Content starts

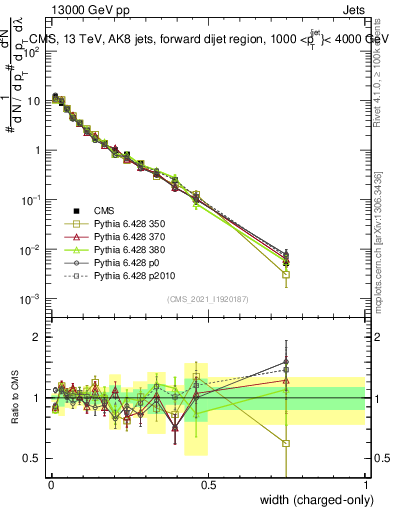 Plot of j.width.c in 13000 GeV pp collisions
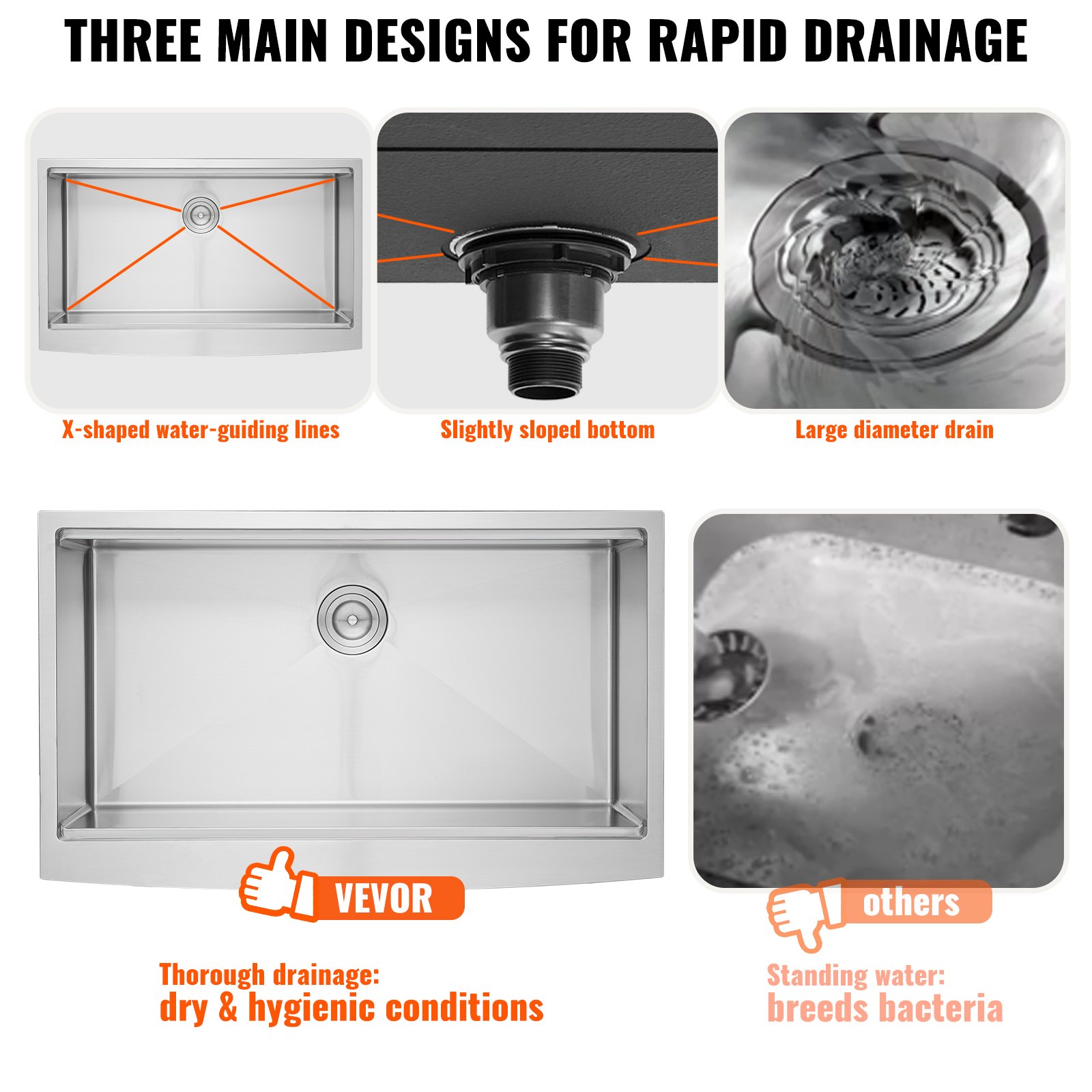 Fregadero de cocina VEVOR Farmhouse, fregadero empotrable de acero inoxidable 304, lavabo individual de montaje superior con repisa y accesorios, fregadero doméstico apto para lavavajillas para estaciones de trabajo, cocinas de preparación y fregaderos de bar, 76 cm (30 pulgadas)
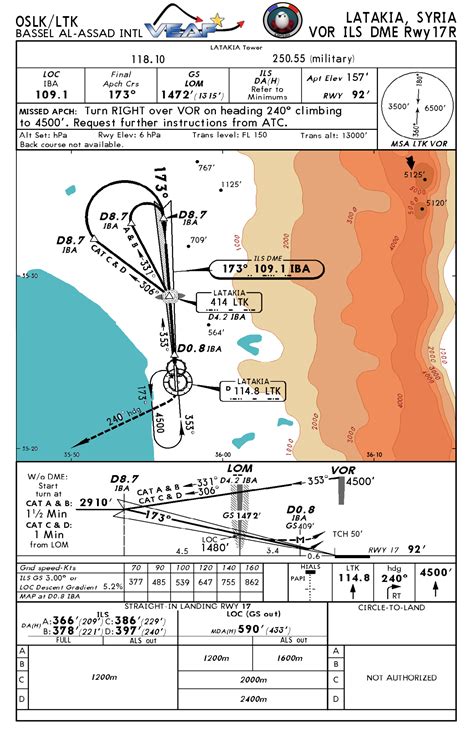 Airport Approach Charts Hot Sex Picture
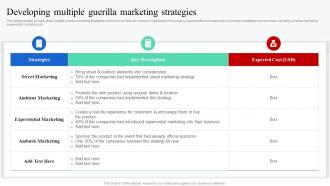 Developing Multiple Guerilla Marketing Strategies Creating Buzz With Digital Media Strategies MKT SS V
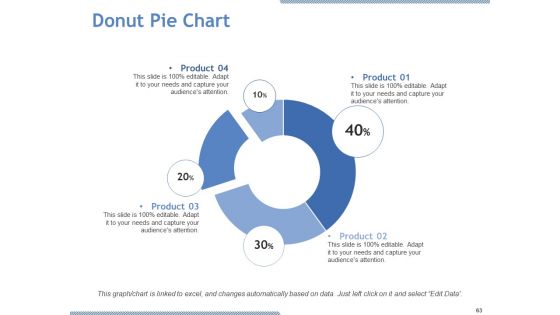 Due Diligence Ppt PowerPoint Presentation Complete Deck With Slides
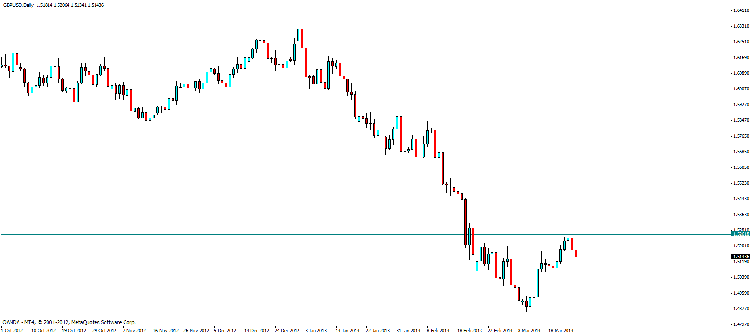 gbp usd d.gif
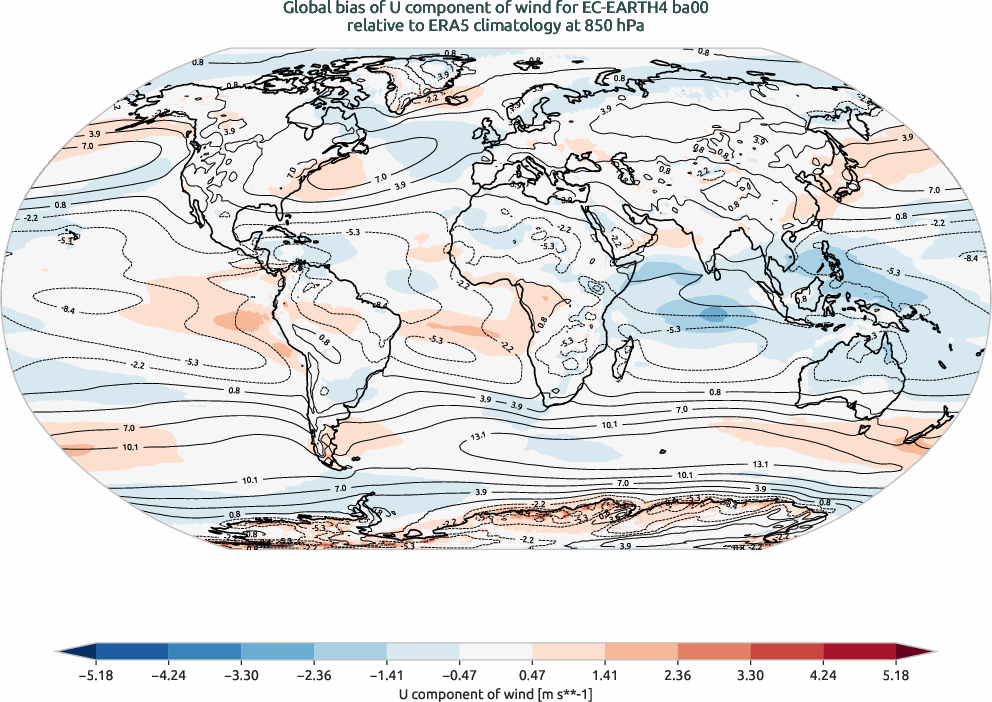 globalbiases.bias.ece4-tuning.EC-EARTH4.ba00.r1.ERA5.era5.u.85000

Content ends
Content starts

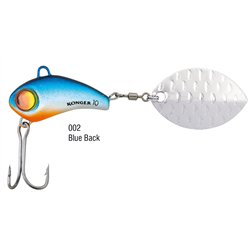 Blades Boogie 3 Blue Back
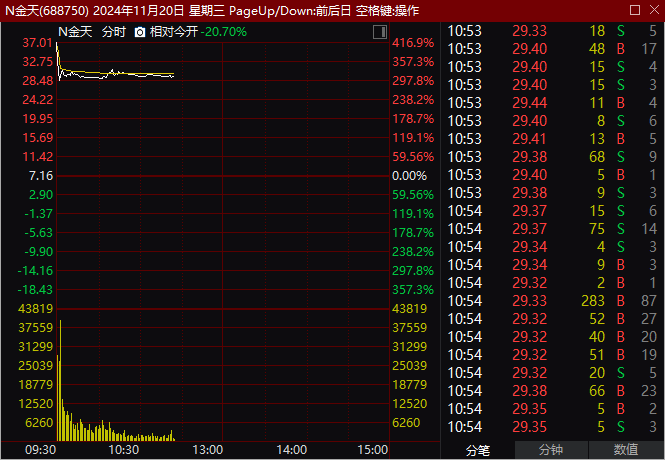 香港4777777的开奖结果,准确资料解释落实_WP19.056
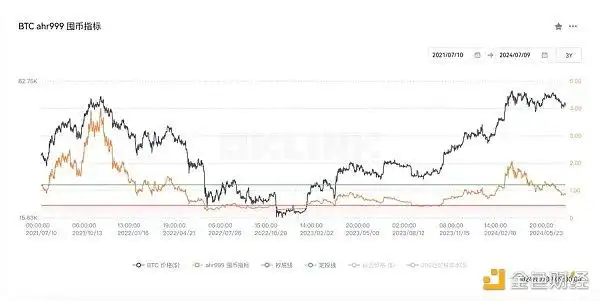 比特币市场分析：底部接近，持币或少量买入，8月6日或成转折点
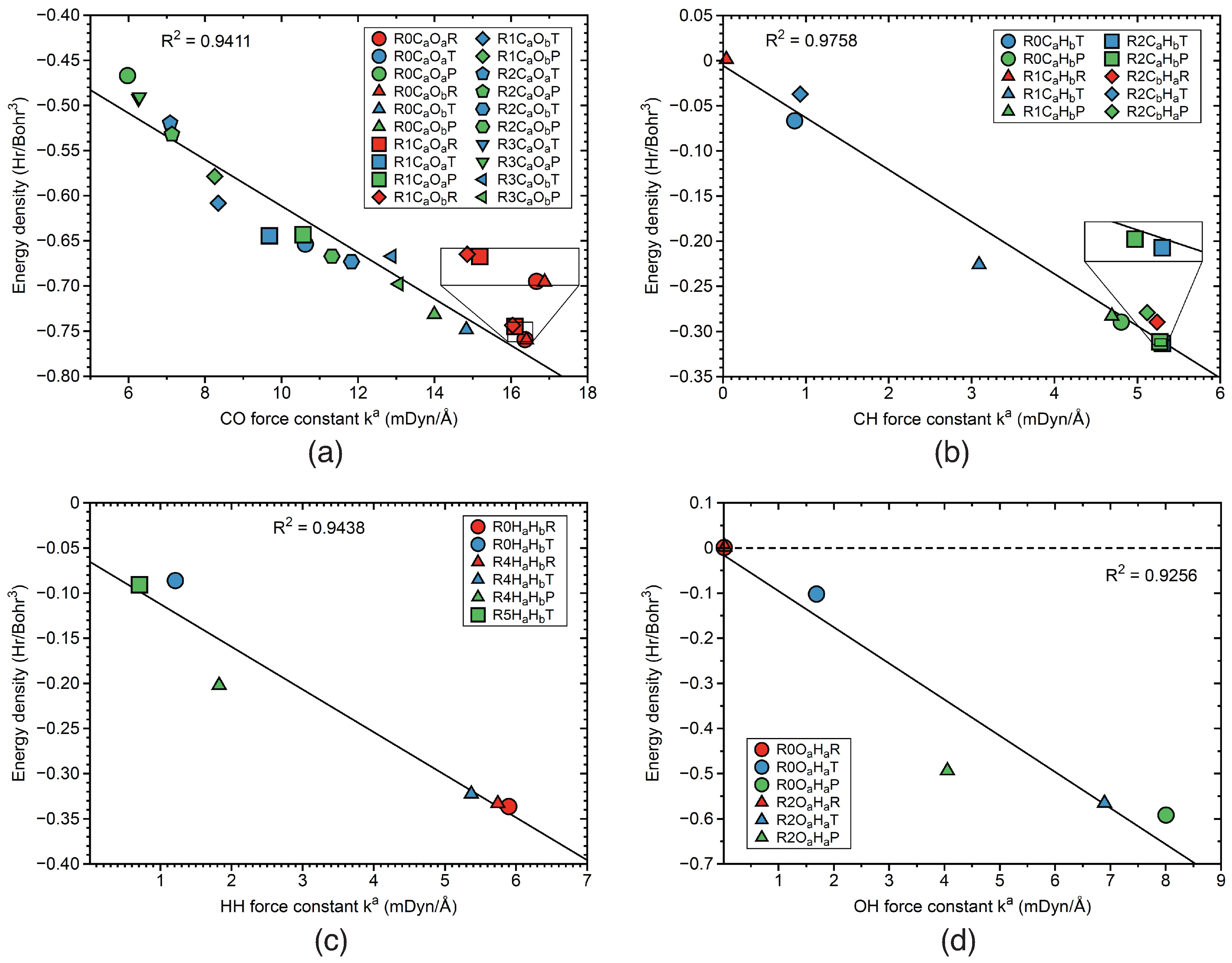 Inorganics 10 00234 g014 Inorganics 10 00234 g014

Content ends

Only the lines starting at the one with "Blades Boogie 3 Blue Back" and ending at the one with "Inorganics 10 00234 g014 Inorganics" should be printed, each exactly as it appears in the material above; the pictures are to be omitted.

 Blades Boogie 3 Blue Back
 香港4777777的开奖结果,准确资料解释落实_WP19.056
 比特币市场分析：底部接近，持币或少量买入，8月6日或成转折点
 Inorganics 10 00234 g014 Inorganics 10 00234 g014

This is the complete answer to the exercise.